Blueberry Muffins
Ingredients:
1 1/2 cups all-purpose flour
3/4 cup granulated sugar
2 tsp baking powder
1/2 tsp salt
1/2 cup milk
1/3 cup vegetable oil
1 large egg
1 tsp vanilla extract
1 1/2 cups fresh or frozen blueberries (do not thaw if using frozen)
Instructions:
1. Preheat oven to 375°F (190°C). Line a muffin tin with paper liners or grease it lightly.
2. Mix dry ingredients: In a large bowl, whisk together flour, sugar, baking powder, and salt.
3. Mix wet ingredients: In another bowl, whisk together milk, oil, egg, and vanilla extract.
4. Combine wet and dry ingredients: Pour the wet ingredients into the dry ingredients.
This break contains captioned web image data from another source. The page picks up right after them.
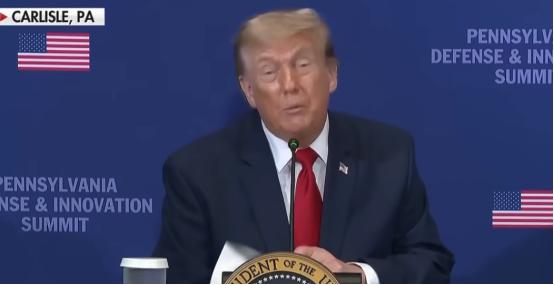 霍尔木兹传来爆炸声，美伊这盘棋下到了“了断”边缘

霍尔木兹海峡这几天是真不太平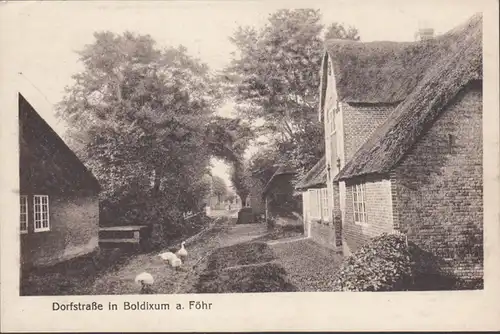 Föhr, Boldixum, route du village, incurvée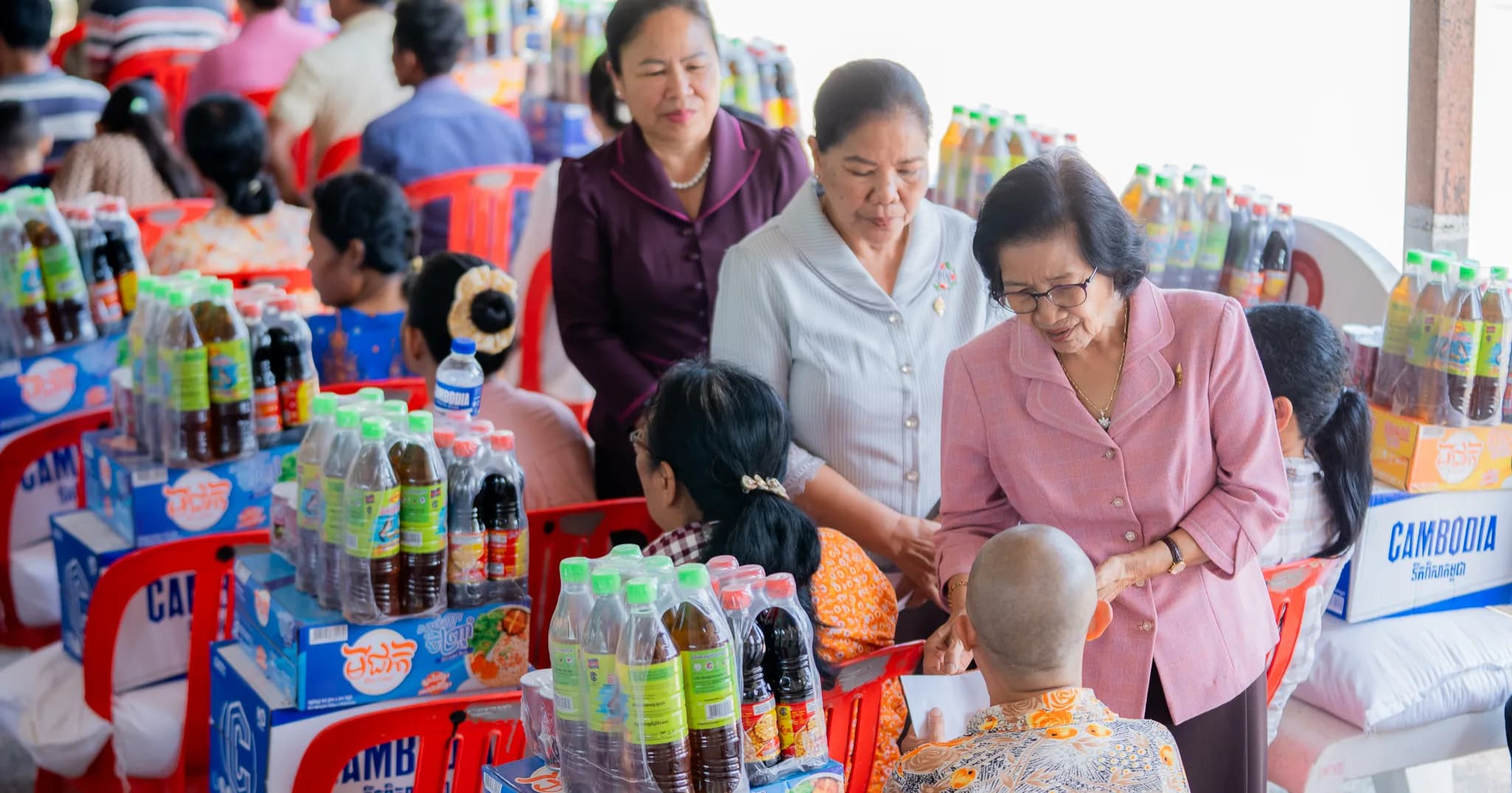 លោកជំទាវ និន សាផុន ថ្លែងអំណរគុណយ៉ាងជ្រាលជ្រៅចំពោះវីរភាពកងទ័ពជួរមុខ និងក្រុមគ្រួសារ ដែលបានលះបង់បម្រើបុព្វហេតុការពារបូរណភាពទឹកដី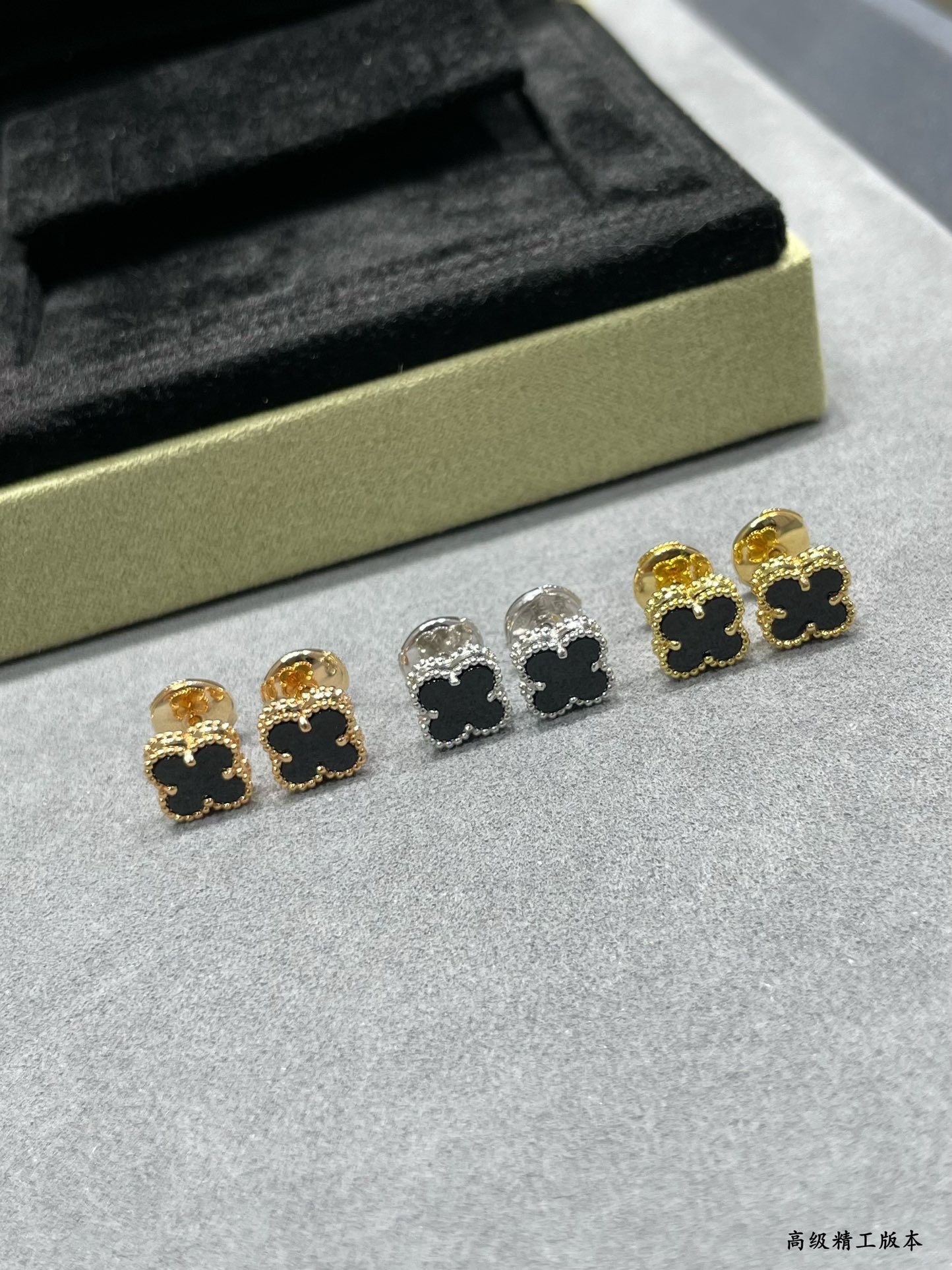 Van Cleef & Arpels earring-53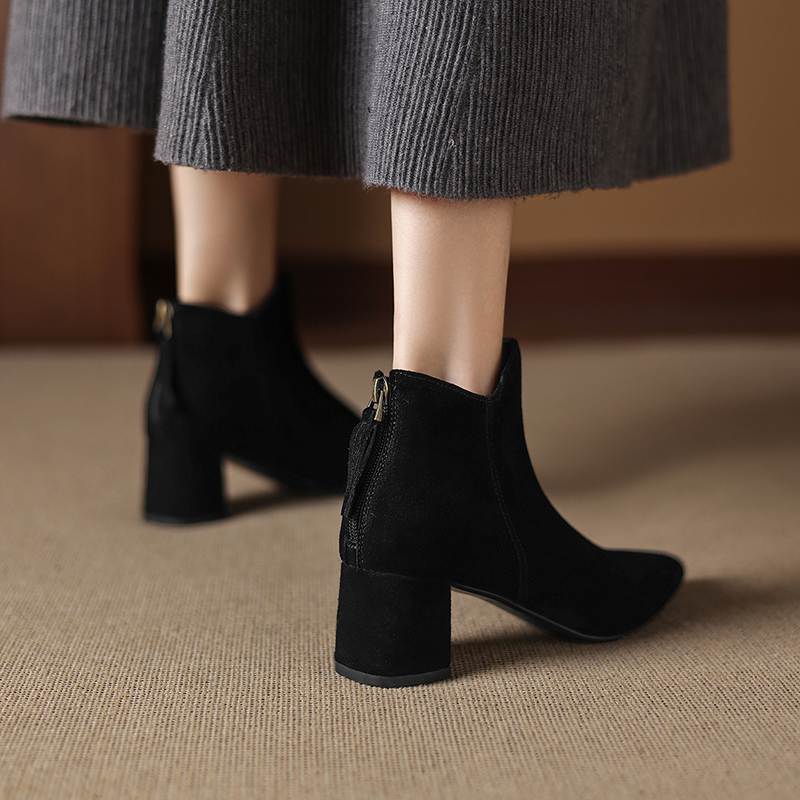 Krazing Pot Cow Suede Nubuck Pointed Toe Thick Heels Chelsea Boots Size 43 Zip Basic Clothing Women Ankle Boots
Stir until just combined (don’t overmix!).
5. Fold in blueberries: Gently fold in the blueberries, being careful not to break them apart.
6. Fill muffin pan Divide the batter evenly into the muffin tin, filling each cup about 2/3 full.
7. Bake for 18-20 minutes, or until a toothpick inserted into the center comes out clean.
8. Cool in the pan for a few minutes, then transfer to a wire rack to cool completely.